When we were on our way to Qikiqtaqtuuq by walking, I was being packed at times because I had injured my hip when I was about two years old. I remember when my mother and my grandmother were holding my hands while we were walking.

KakooteenikWhen we reached the thunder house my grandmother peeked into the thunder house. This was way before it was broken up. It was made very well. It had a good entrance and a ceiling. When we reached it my grandmother peeked in smiling. She said "I can hear it clearly". She then said "Atiqqaak (same namesake) peek in with your head". So I tried to go right inside, but my grandmother stopped me from going inside. She said, "Just peek in with your head". She asked me if I heard any sound, I told her I did. There was a skeleton head on the side that belonged to a powerful shaman named Kakooteenik.

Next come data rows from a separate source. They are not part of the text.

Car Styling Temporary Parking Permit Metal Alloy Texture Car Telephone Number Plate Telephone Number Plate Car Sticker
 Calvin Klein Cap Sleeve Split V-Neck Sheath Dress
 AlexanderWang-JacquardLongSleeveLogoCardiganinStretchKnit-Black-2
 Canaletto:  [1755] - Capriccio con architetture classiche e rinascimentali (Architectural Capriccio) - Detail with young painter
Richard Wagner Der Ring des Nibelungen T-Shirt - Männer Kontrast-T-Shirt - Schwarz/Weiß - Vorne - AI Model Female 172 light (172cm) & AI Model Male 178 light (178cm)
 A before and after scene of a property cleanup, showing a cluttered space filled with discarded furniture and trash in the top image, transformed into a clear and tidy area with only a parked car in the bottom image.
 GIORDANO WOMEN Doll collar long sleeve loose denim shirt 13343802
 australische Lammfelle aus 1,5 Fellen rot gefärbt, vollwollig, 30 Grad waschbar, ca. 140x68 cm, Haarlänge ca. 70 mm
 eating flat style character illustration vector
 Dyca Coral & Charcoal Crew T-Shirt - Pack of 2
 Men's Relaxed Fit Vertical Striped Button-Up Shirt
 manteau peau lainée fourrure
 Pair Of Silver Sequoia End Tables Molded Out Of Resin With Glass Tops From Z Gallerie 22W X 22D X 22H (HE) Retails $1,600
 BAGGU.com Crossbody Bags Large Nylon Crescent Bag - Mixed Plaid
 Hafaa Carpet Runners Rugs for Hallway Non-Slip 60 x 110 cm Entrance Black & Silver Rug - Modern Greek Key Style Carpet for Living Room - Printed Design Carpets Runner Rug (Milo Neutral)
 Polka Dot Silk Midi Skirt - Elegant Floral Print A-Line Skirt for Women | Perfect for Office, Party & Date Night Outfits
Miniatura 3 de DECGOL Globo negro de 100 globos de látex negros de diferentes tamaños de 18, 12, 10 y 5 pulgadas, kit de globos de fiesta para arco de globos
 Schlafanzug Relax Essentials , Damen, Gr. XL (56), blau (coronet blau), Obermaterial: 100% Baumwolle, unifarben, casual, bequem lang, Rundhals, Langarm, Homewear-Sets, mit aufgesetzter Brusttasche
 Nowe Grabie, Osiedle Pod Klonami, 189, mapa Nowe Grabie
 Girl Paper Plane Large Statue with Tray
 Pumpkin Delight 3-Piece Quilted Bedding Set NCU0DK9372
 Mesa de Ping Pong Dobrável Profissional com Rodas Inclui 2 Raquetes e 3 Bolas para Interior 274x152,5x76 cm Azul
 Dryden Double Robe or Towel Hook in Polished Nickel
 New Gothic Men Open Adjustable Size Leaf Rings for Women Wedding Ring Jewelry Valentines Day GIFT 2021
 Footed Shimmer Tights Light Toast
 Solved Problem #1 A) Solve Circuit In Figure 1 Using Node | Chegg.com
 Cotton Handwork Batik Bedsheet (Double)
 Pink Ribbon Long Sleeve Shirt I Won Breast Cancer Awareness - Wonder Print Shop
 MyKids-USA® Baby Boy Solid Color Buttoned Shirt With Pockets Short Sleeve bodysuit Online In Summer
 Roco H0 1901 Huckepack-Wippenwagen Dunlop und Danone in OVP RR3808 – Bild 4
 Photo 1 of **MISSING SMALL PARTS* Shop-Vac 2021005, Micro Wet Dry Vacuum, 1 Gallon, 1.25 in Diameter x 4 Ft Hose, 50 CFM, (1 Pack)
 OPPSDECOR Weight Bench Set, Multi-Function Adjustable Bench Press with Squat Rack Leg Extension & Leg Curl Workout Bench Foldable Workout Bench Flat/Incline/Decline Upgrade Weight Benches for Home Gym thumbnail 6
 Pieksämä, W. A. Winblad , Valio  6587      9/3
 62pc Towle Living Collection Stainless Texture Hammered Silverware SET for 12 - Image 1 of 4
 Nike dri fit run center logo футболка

When the anthropologists came to do research on the thunder house, they were going back and forth with the local people. From there the thunder house was broken. They were going to Netsilik Lake and Josephine Bay to do research. In those days we were not very organized, because jobs were hard to get and we did it to earn little bit of money. The thunder house was broken up and also the skeleton head was taken away, and put to the museum down south. They didn't even ask us if they can take the skeleton head. They might have brought it down to Toronto museum. People didn't want the anthropologists to take the human skeleton. It was the skeleton of the late powerful shaman named Kakooteenik.